Armed man in Turkey holds hostages at Procter & Gamble plant
An assailant who took seven people hostage in protest of the civilian casualties in Gaza was caught by Turkish police after nine-hour-long standoff.
ANKARA — A hostage standoff at a Procter & Gamble plant near Istanbul has ended without any casualties nine hours after an armed man raided the plant on Thursday, taking seven people hostage in a protest against Israeli actions in Gaza.
Earlier Thursday, at around 2:30 p.m. local time, the assailant stormed the P&G plant in Turkey’s northwestern province of Kocaeli.
Kocaeli Governor Seddar Yavuz said that neither hostages nor the assailant was harmed in the operation.
“We neutralized him in a tiny operation because the negotiations failed,” he said, briefing the press outside the plant.
The governor added that the assailant was carrying two guns and that his goal was “to stop the massacres committed by Israel in Gaza and the opening” of the Rafah border crossing, linking Egypt to the Palestinian enclave.
Yavuz identified the man as a former worker at the plant and said that the Turkish security forces established no link between him and any militant group.
Relatives of the hostages who were waiting outside the plant’s vast compound cheered when they received the news, live broadcasts from the scene showed.
Earlier Thursday, a P&G spokesman from the company’s headquarters in Ohio told the AFP that it was “working with local authorities to resolve an urgent security situation.”

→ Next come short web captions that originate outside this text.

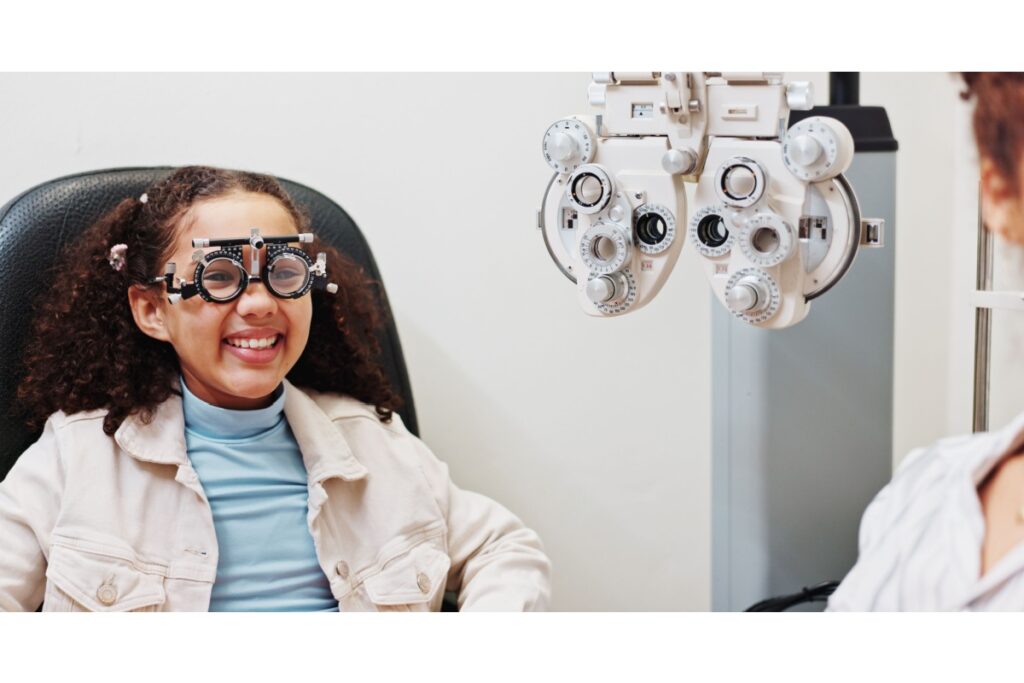 A young girl smiling during a vision test while wearing trial frames in an optometry exam room.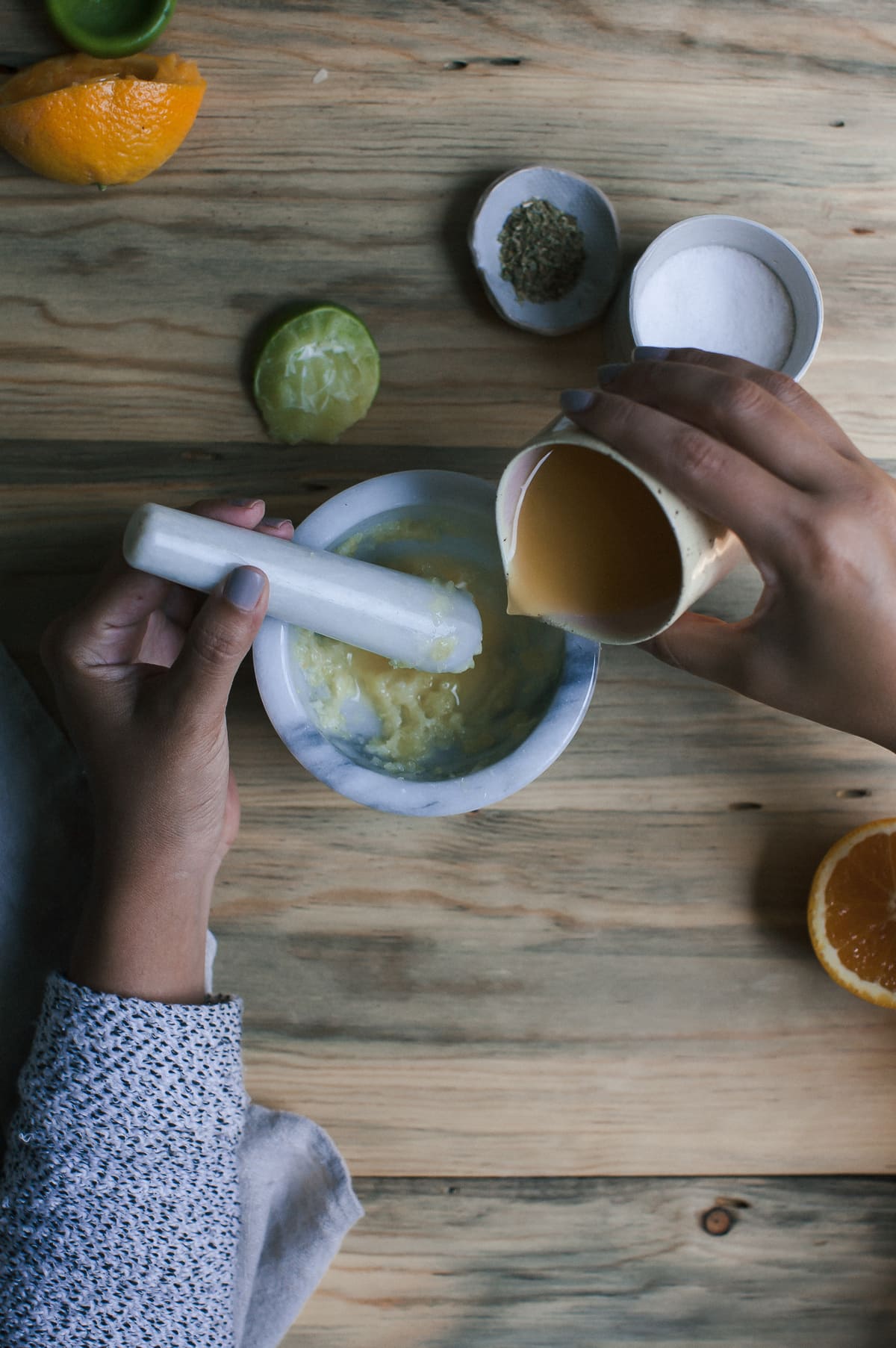 Mashed garlic in a mortar with hands holding the pestle and pouring in liquid into the mortar.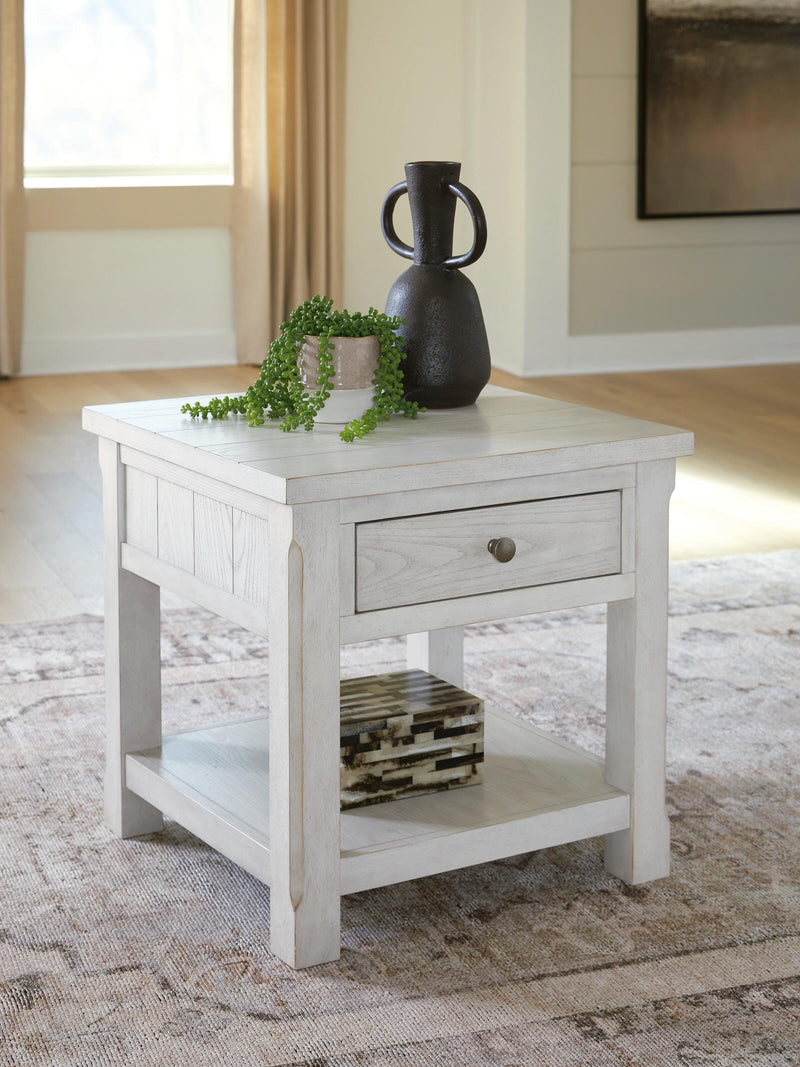 Ashley Furniture Robbinsdale end table with a wooden finish, featuring a rectangular top and sturdy legs for living room decor.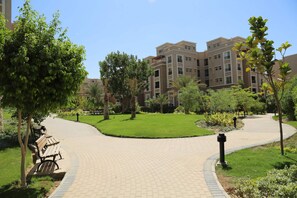 A landscaped courtyard with a curved pathway, benches, and a building in the background. - SODIC Kattameya Plaza, 3-Bedroom, 230 m² Family Apartment, 3 Pools in New Cairo (New Cairo)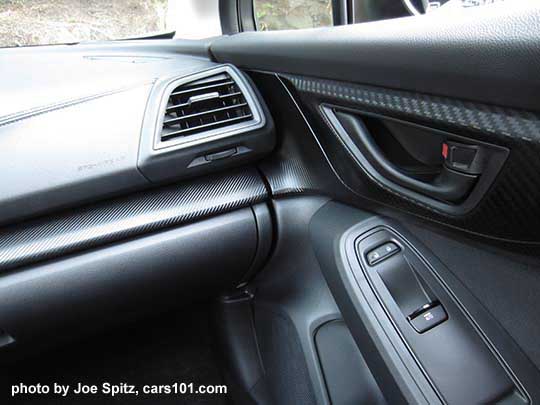2018 Subaru Crosstrek Premium passenger dash and door corner has dark carbon fiber-like trim and matte inside door handle,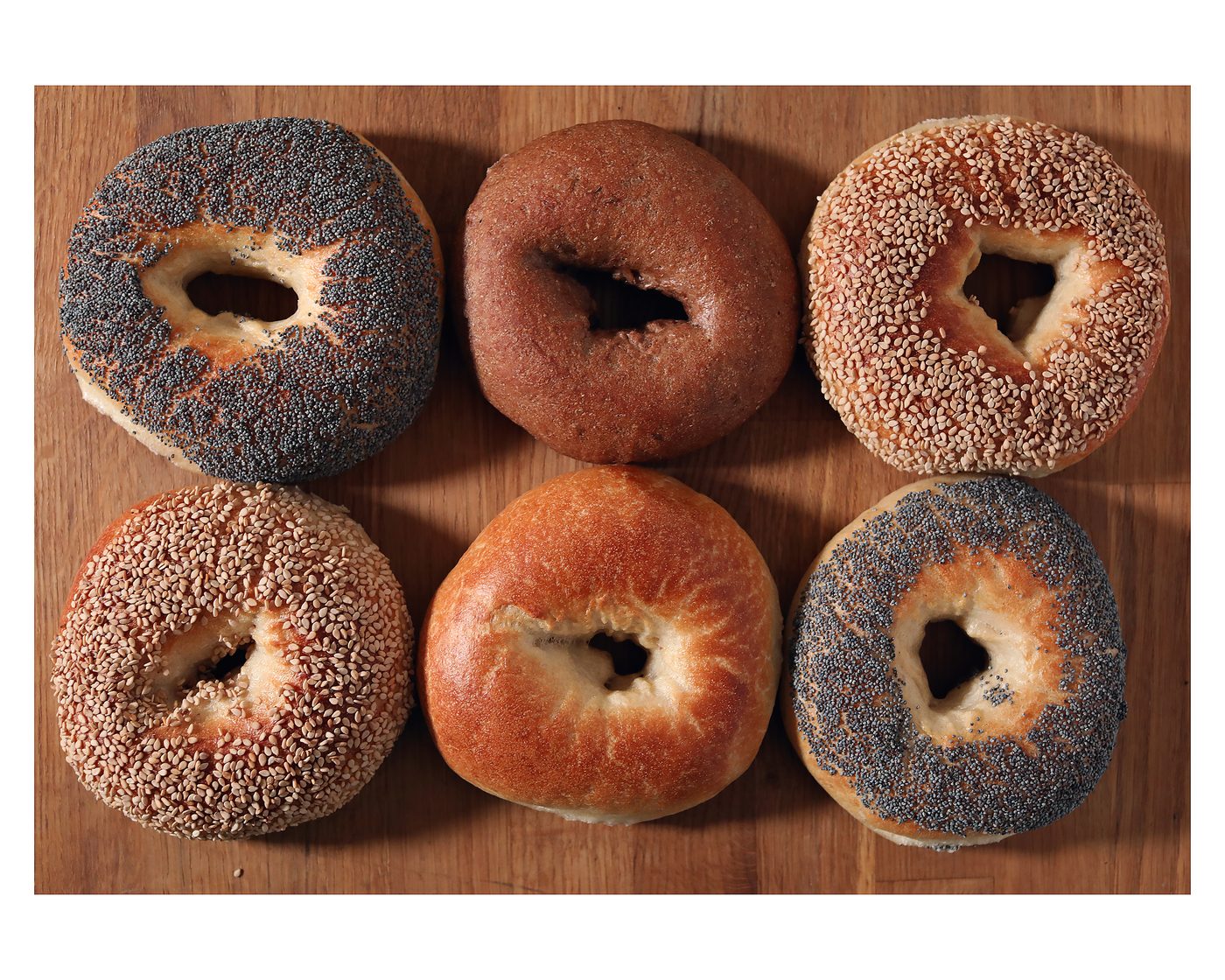 Six bagels on a wooden board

The company later informed its workers on the plant’s night shift not to come to the plant, employees told local Turkish media.

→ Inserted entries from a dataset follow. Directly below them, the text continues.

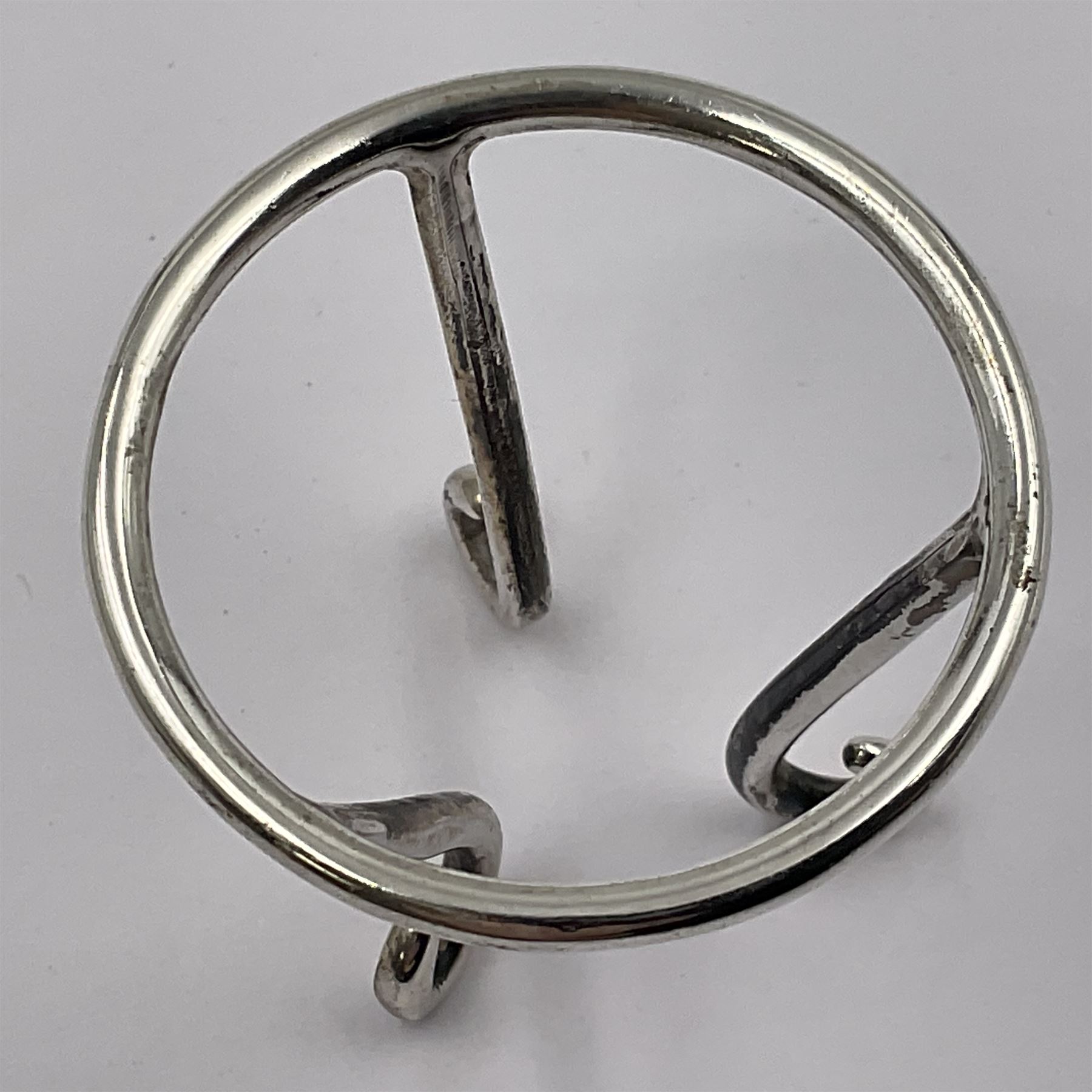 Modern silver limited edition Easter egg, no. 70/500, the openwork lattice body decorated with gilded panels of flower heads, opening to reveal a gilt interior, upon silver stand with three scrolling pad feet, each hallmarked St James House Company, London 1979, height including stand 8cm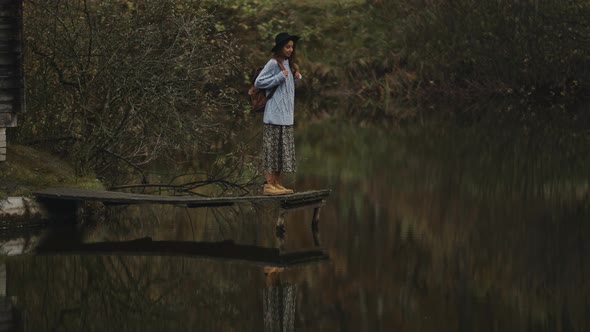 Stylish Inspired Traveler Woman in Hat with Backpack Standing on Wooden Pier Promenade at Lake alt
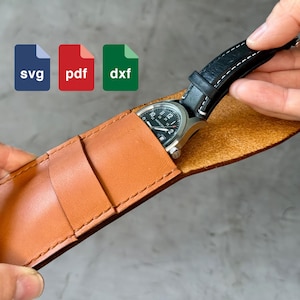 Könnte beinhalten: Ein braunes Lederuhrenetui mit einer schwarzen Uhr mit weißem Zifferblatt und schwarzen Zeigern im Inneren. Das Uhretui hat eine Klappe, die sich über die Uhr klappen lässt. Das Uhretui wird von einer Hand gehalten.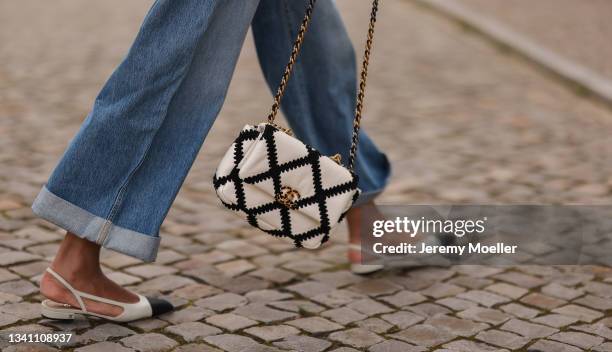 Jill Asemota wearing Chanel black and white bag, Khaite blue jeans and Chanel shoes on September 13, 2021 in Berlin, Germany.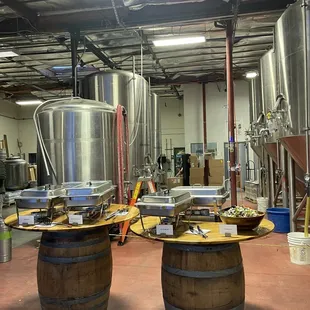 two wooden barrels in a brewery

A few hours after raiding the plant, the assailant posted a video on his social media account that was taken inside the plant and showed writing on a wall, which read “The gates will open for Gaza,” and Turkey and Palestine flags, as well as a weapon sitting on a desk.
In another video also posted on social media, the assailant is heard asking for more humanitarian aid to reach Gaza. In the video hostages are seen unharmed and moving freely inside an office at the plant.
Police cordoned off roads leading to the plant. Ambulances were also dispatched to the scene, purportedly as a precaution.
Since the start of the Israel-Hamas war, Turkey has been a scene of mass protests against both Israel and the United States over Washington’s support of the Jewish state’s military operations against the militant group.
In November, the US embassy in Ankara warned US citizens about potential attacks on certain US-branded businesses amid ongoing mass protests against Israel over the ongoing war in Gaza.
Local branches of several multinational chains, including McDonald's and Starbucks, faced protests, boycotts and vandalism by demonstrators throughout late October and early November as the humanitarian toll in Gaza increased.
Turkish officials and official institutions also endorsed protests and boycotts against international brands. The head of the country’s state-run religious affair directorate, Ali Erbas, on Wednesday called on citizens to continue boycotts against Israeli brands.
Turkish President Recep Tayyip Erdogan, a leading champion of the Palestinian cause, has also been chastising Israel over the rising humanitarian toll in Gaza.
Hamas’ Oct. 7 attack killed at least 1,200 people in southern Israel, and more than 28,000 people were killed in Gaza in the ensuing war between the Jewish state and the militant group.
This is a developing story and has been updated since its initial publication.